None-the-less, this 'blog has become very different from its predecessor. LiveJournal is a social-networking site; part of the reason that it has withered is that its users migrated to more successful social-networking sites. My present 'blog doesn't work that way. I have recurring readers, but there's nothing much like the Friends feed of LJ or of Facebook. There is no centralized connector of interests (as on LJ). I have regular readers, but they are likely to use an RSS aggregator (such as Flipboard) and less likely to comment (especially if they are using such an aggregator). I get far more irregular visitors, who are here by way of Google (or of some other search service), grabbing some information, and not so much as visiting any page here other than their entry pages.

So it doesn't feel appropriate to offer mundanities of the sort that I would relate to a neighbor or to a friend on the telephone. My public entries tend to be things that I imagine strangers would appreciate reading. The restricted entries (basically accessible to friends who followed me as I migrated from LJ) are almost entirely personal; but a reader is required to make a special effort to access them, so they are not about ordinary events; they are usually very personal.

With entries to this 'blog thus typically requiring more thought, there are generally fewer of them, and the 'blog becomes dormant when I cannot — or believe that I should not — give thought to those entries.

Not Dead; Just Pining

Saturday, 6 August 2011

The recent relative quiescence of this 'blog has obtained from a confluence of things.

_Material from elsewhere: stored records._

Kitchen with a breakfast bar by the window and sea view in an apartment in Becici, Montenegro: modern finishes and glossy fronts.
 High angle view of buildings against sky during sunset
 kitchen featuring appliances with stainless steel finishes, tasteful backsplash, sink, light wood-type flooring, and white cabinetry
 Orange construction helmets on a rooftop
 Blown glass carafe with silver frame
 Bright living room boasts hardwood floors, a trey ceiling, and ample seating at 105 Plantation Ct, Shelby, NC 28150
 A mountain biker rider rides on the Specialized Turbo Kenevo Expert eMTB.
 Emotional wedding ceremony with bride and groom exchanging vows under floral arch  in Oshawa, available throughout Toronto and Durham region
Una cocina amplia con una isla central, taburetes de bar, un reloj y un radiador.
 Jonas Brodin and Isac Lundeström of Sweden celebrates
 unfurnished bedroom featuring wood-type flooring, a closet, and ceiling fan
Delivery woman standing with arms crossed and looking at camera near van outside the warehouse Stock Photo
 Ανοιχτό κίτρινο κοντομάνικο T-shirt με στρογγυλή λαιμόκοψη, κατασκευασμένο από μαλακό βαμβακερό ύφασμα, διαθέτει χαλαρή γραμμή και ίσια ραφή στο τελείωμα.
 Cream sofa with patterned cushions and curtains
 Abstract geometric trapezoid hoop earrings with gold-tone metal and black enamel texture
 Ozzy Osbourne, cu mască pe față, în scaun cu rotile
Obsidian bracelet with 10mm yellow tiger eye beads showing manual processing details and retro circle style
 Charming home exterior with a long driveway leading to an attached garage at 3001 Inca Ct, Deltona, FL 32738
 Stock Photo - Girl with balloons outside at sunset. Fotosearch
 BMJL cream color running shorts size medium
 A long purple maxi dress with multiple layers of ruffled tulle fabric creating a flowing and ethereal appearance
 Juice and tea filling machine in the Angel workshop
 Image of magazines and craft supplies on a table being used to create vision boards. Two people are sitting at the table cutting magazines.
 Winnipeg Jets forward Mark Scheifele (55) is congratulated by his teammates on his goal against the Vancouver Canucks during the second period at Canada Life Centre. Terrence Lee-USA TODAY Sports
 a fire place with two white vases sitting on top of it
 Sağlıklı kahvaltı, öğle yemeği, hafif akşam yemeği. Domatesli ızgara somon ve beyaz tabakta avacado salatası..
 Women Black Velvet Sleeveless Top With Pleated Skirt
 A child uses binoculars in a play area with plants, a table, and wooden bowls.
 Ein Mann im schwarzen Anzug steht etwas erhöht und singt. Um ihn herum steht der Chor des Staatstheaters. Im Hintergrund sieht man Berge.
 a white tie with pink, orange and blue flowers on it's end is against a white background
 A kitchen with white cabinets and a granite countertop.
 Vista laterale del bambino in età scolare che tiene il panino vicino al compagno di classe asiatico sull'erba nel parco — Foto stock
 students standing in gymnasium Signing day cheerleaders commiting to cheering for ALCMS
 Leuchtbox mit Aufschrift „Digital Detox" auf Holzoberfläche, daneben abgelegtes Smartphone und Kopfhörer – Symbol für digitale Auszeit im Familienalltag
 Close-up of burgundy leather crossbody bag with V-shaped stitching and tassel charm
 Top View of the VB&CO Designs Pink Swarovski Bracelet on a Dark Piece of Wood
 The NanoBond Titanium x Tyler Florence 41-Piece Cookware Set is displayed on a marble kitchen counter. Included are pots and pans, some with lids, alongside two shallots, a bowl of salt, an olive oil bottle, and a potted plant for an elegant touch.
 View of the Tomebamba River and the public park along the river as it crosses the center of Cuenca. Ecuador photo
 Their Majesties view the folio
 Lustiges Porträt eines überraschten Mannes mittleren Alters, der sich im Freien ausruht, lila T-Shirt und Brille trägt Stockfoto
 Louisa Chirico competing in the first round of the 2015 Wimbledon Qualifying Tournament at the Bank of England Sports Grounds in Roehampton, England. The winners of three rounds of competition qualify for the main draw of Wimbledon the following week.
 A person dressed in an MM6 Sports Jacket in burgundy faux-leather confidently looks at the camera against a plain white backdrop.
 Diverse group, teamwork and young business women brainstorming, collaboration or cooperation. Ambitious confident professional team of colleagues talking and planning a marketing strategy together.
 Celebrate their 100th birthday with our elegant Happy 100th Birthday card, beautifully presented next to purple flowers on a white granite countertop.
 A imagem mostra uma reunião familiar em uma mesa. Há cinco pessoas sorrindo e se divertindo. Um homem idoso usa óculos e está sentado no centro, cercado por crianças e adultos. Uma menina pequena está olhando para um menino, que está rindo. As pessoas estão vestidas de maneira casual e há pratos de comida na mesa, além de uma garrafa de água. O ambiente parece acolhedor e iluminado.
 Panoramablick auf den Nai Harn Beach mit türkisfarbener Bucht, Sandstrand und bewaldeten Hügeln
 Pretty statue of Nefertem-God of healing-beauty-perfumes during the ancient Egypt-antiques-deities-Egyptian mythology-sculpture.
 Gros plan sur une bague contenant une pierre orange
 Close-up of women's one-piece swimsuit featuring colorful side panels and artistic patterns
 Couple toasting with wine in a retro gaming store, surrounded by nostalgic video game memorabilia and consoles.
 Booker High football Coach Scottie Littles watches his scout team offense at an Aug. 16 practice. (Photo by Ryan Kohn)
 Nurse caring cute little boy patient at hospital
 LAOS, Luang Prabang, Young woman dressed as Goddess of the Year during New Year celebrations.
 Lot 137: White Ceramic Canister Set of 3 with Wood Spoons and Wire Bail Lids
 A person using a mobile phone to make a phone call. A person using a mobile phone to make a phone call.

I have rival demands of my time or of my energy, have not always been in the best of moods, and have not known quite how I want to formulate some of the entries upon which I have been working.

With respect to the last, one problem has been that I've wanted to present the entries in a certain order (or at least a certain preörder), which has allowed bottle-necks to develop. I think, now, that I'd better loosen-up on some of these considerations of the order of entries.

Disordered Mood

Wednesday, 18 March 2009

Yester-day, I got hit with a significant wave of depression. I'd been trying to dodge it, but it got me.

My parents are expecting a visit from me; in fact, they expected me to have driven there by sometime yester-day. But I've not got my ducks in-a-row to travel, and right now I'd rather just curl-up in a ball for a while.

One of the things that really upsets me in such a context is when people throw-away my maybe. I tell them that I plan to do something or hope to do something or some-such, and some people act as if I've said that I will or even shall do it. I generally choose my words, even in extemporaneous conversation, fairly carefully, and I resent people ignoring what I've said with the result of a spuriously implied commitment, even if they don't themselves recognize the implication.